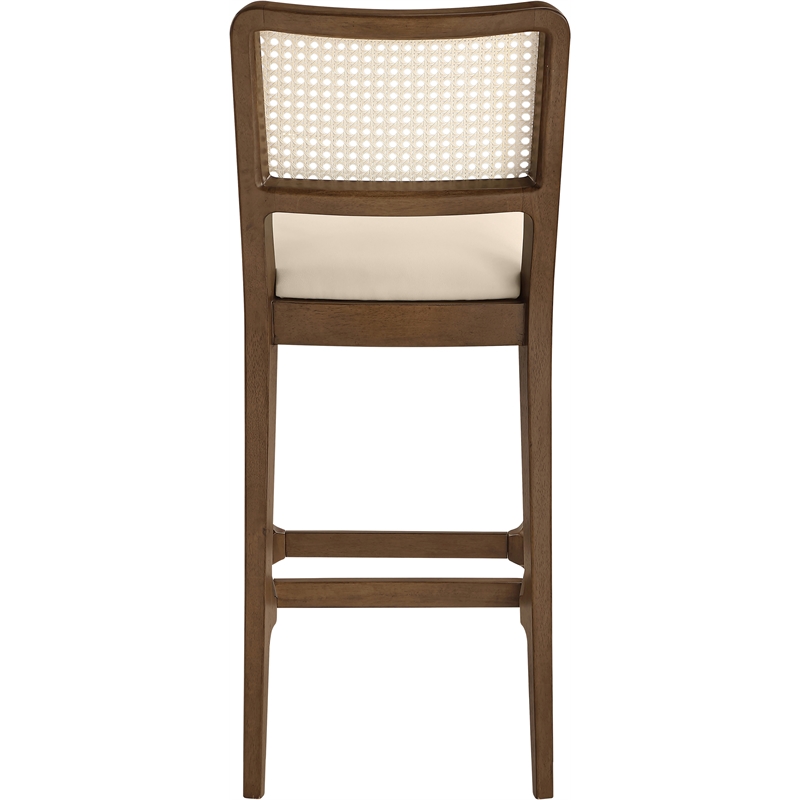 Meridian Furniture Atrium Beige Cane And Vegan Leather Bar Stool (Set of 2)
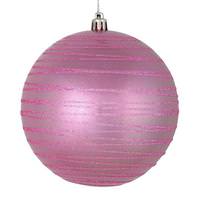 Vickerman 6" Pink Candy Glitter Ball Ornament (3 pack)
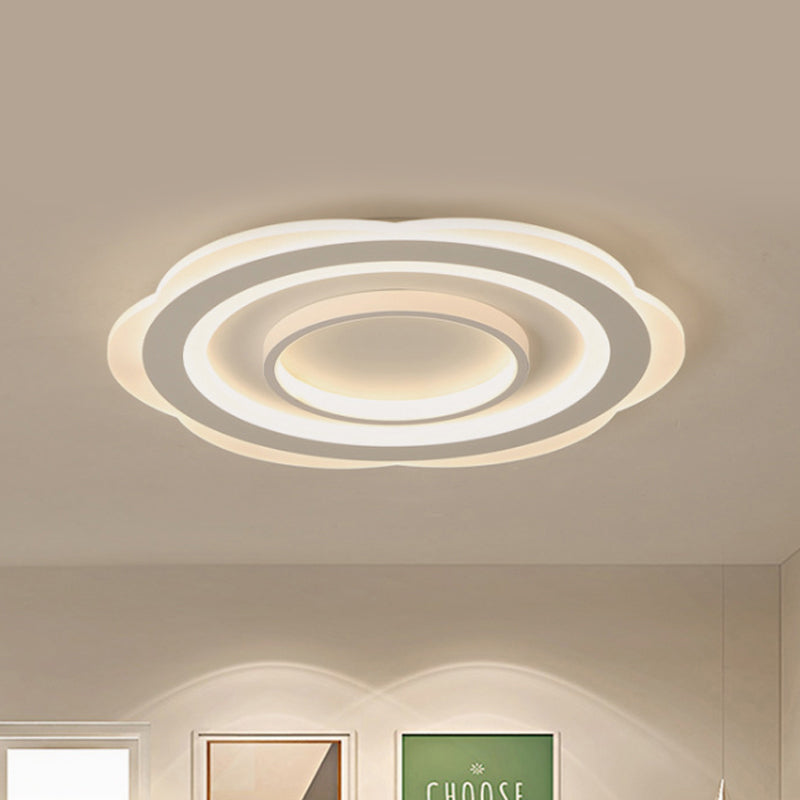 Modern Acrylic Flower Ceiling Light - 16’/19.5’/23.5’ Flushmount For Living Room In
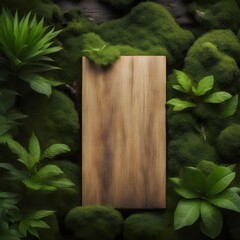 wooden board with leaves and moss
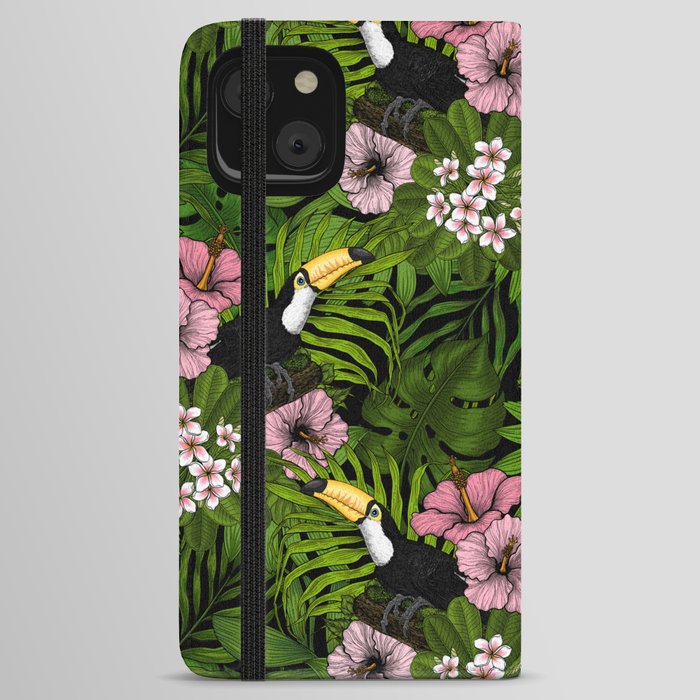 Toucans and tropical flora, green and pink iPhone Wallet Case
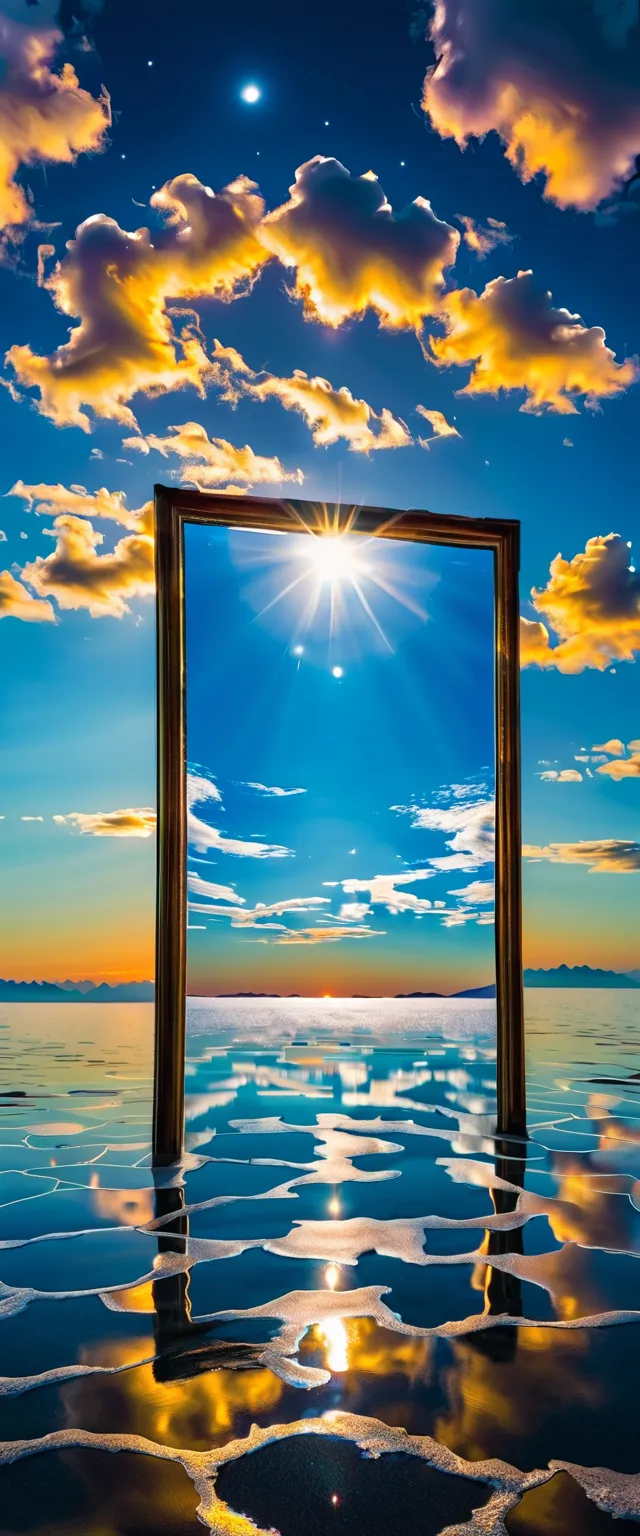  sky reflection in mirror surface ,Reflection,symmetry,Uyuni,moonlight, Beautiful Sky Unfolds ,dreamlike,,cloud,,Ocean Blue ,wonderful景色が広がります,,Highestの時間をあなたに,Highest品質,photography,  Structure Correct  ,Perfect composition,広告用に撮影されたphotography,Beautiful l...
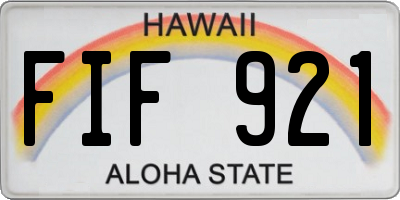 HI license plate FIF921
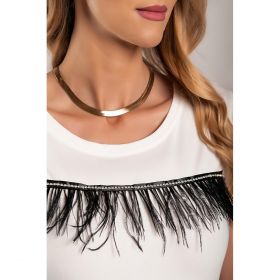 Tricou Cu Maneca Scurta Si Detalii Decorative Lenita, Alb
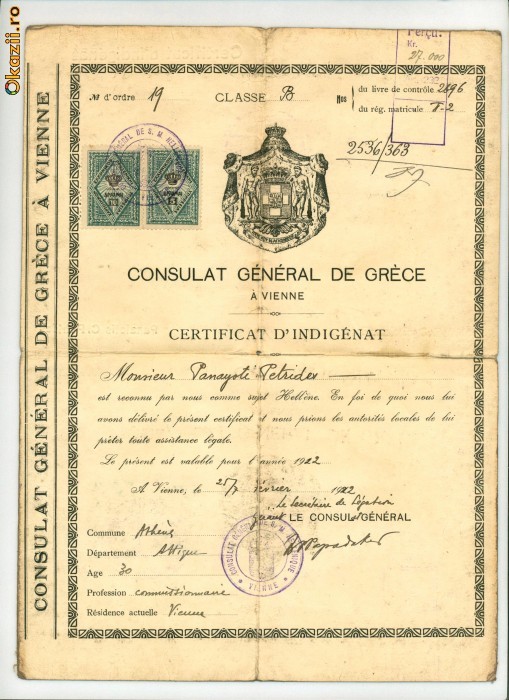 CERTIFICAT DE CETATENIE DAT DE CONSULATUL GENERAL AL GRECIEI LA VIENA-1922 foto mare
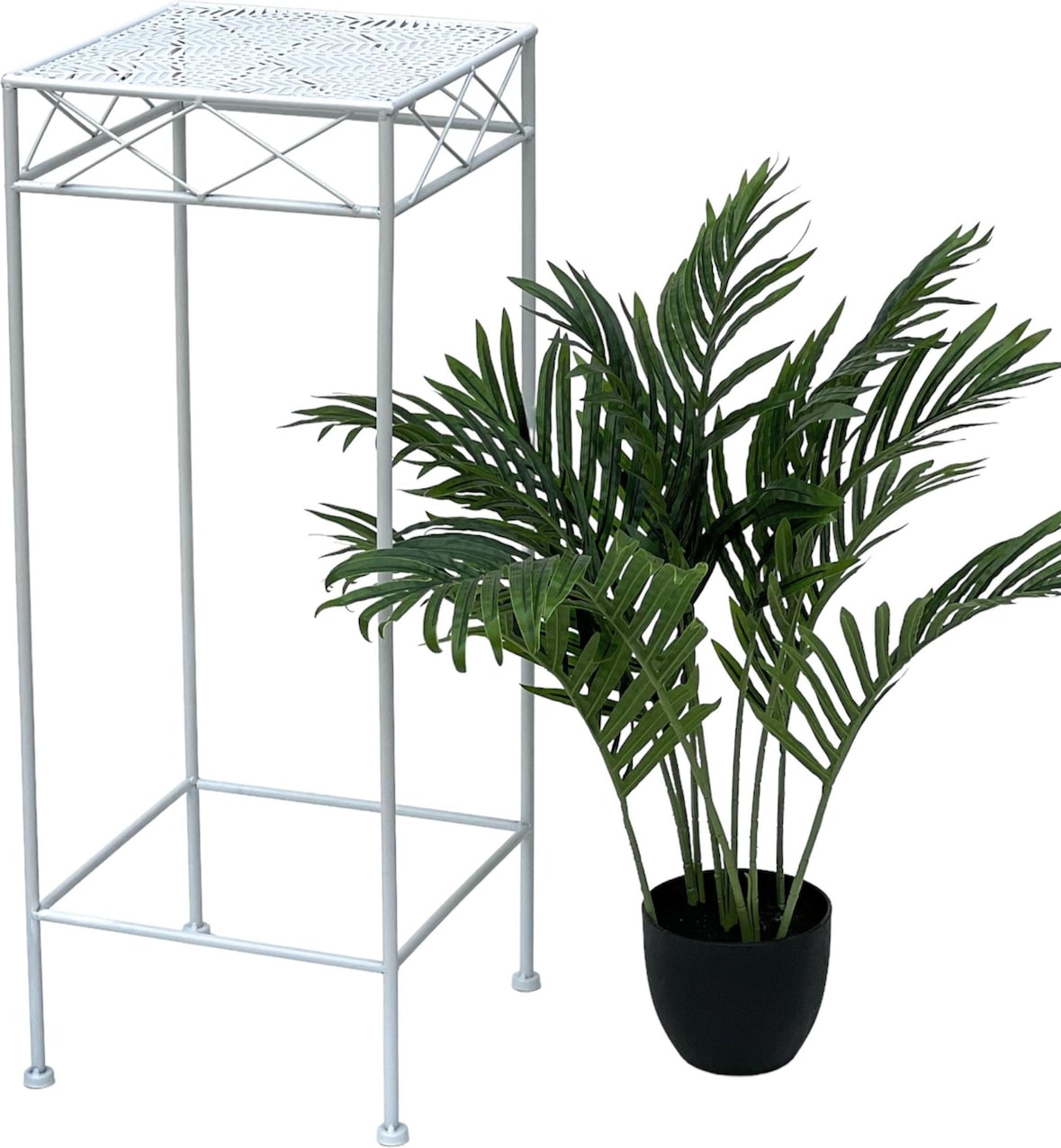 DanDiBo Blumenhocker Weiß Metall Eckig 70 cm Blumenständer 96314 L Beistelltisch Blumensäule Modern Pflanzenständer Pflanzenhocker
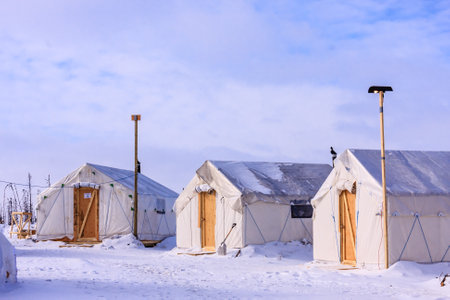Three tents are set up in a snowy field. The tents are white and have wooden doors. Scene is peaceful and serene, as the tents are set up in a quiet, snowy environmentの写真素材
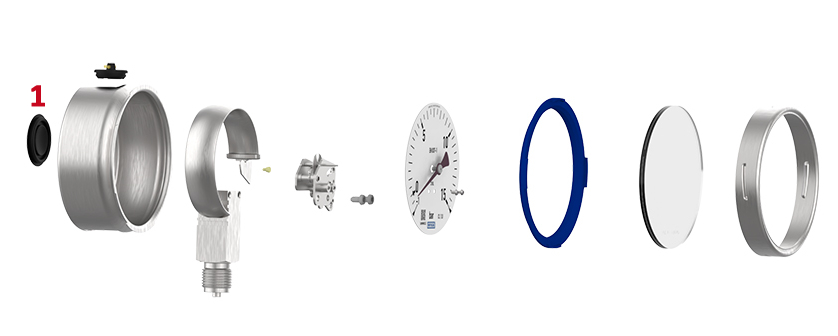 Pressure gauges of level S1 have one safety feature.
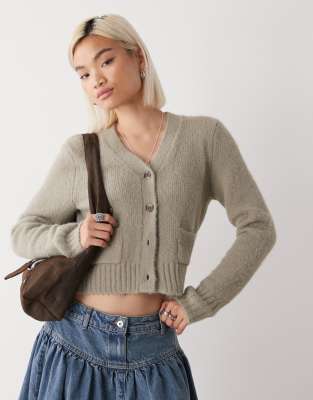 Monki Cropped Cardigan With Front Pockets In Gray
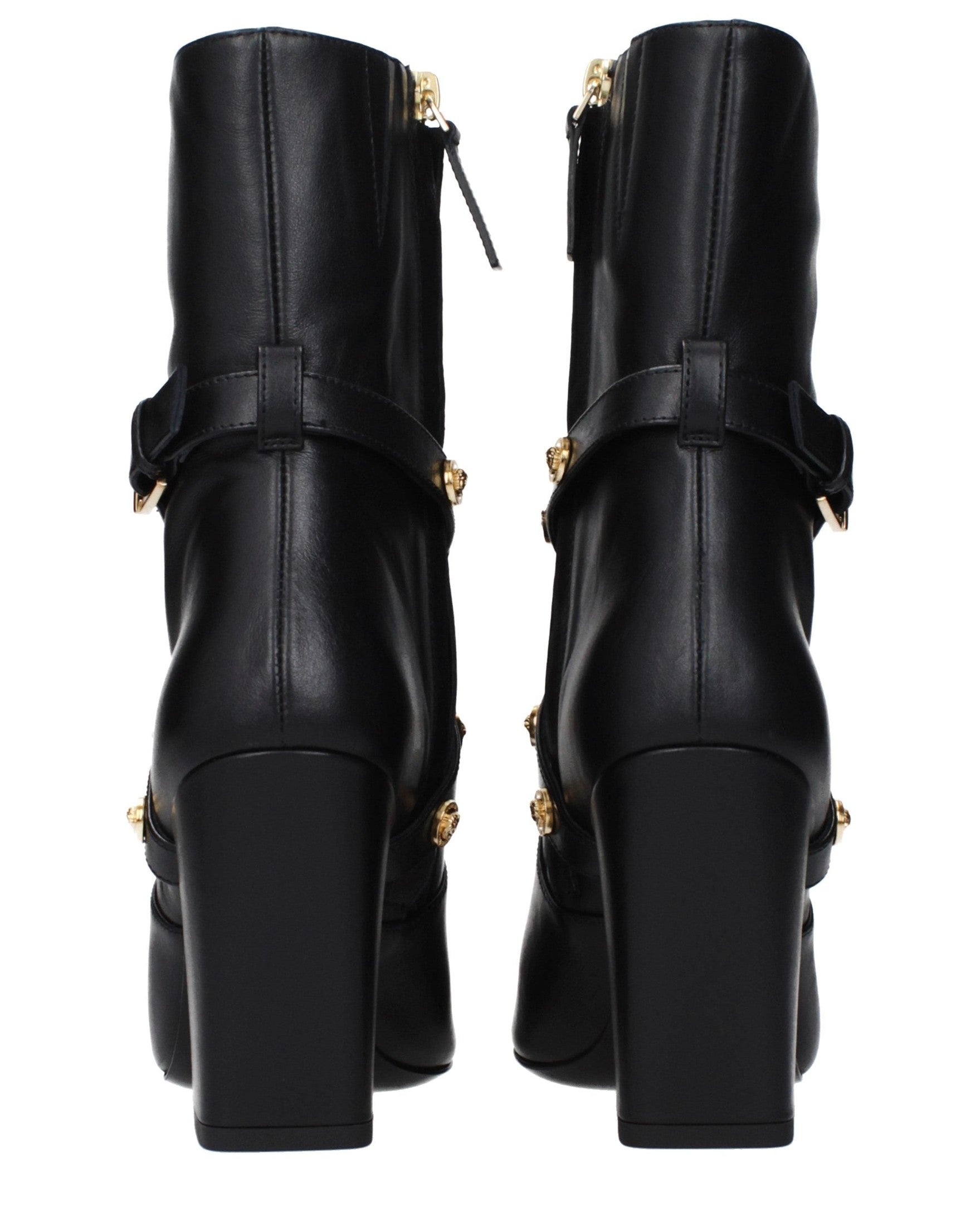 Versace Black Leather Ankle Boots Glam Steals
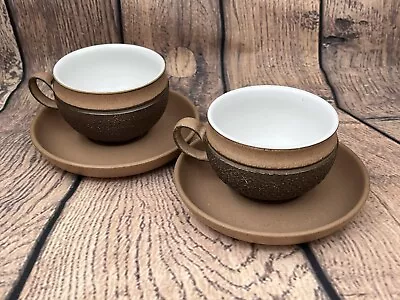 Buy Denby Stoneware Pottery. Cotswold  Acorn Pattern Pair Of Teacups & Saucers X2 • 12£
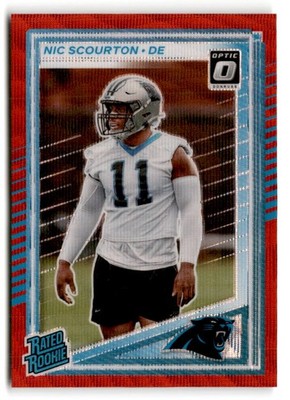 2025 Donruss #383 Nic Scourton Optic Rated Rookies Preview Red Power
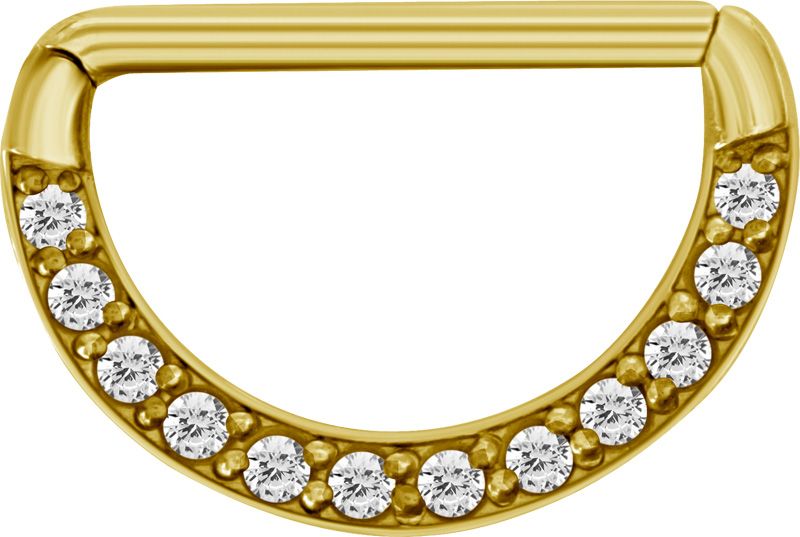 Stainless Steel Pave Set Crystal Nipple Clicker Gold PVD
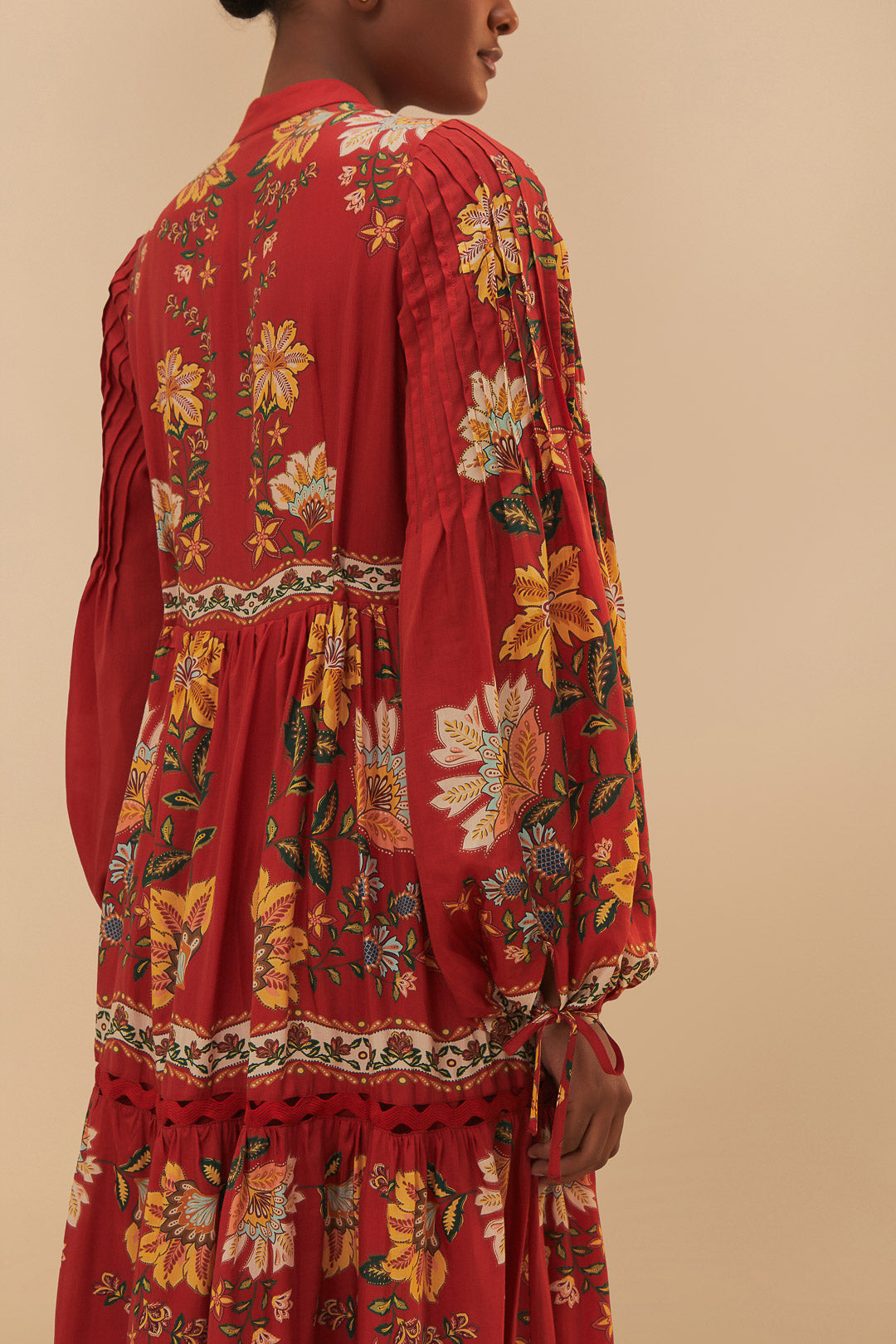 Garden Delight Red Long Sleeve Midi Dress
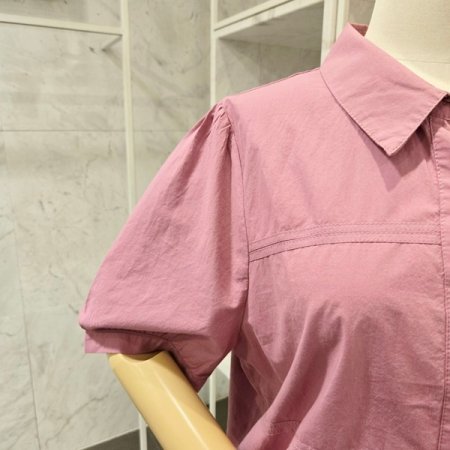 무지 반팔 카라 셔츠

⁂

Within the listing above, print exactly the stretch beginning at the line that contains "HI license plate FIF921" and finishing at the line that contains "DanDiBo Blumenhocker Weiß", ends kept, pictures left out, and nothing more.

> _Result of this exercise_
 HI license plate FIF921
 Tricou Cu Maneca Scurta Si Detalii Decorative Lenita, Alb
 CERTIFICAT DE CETATENIE DAT DE CONSULATUL GENERAL AL GRECIEI LA VIENA-1922 foto mare
 DanDiBo Blumenhocker Weiß Metall Eckig 70 cm Blumenständer 96314 L Beistelltisch Blumensäule Modern Pflanzenständer Pflanzenhocker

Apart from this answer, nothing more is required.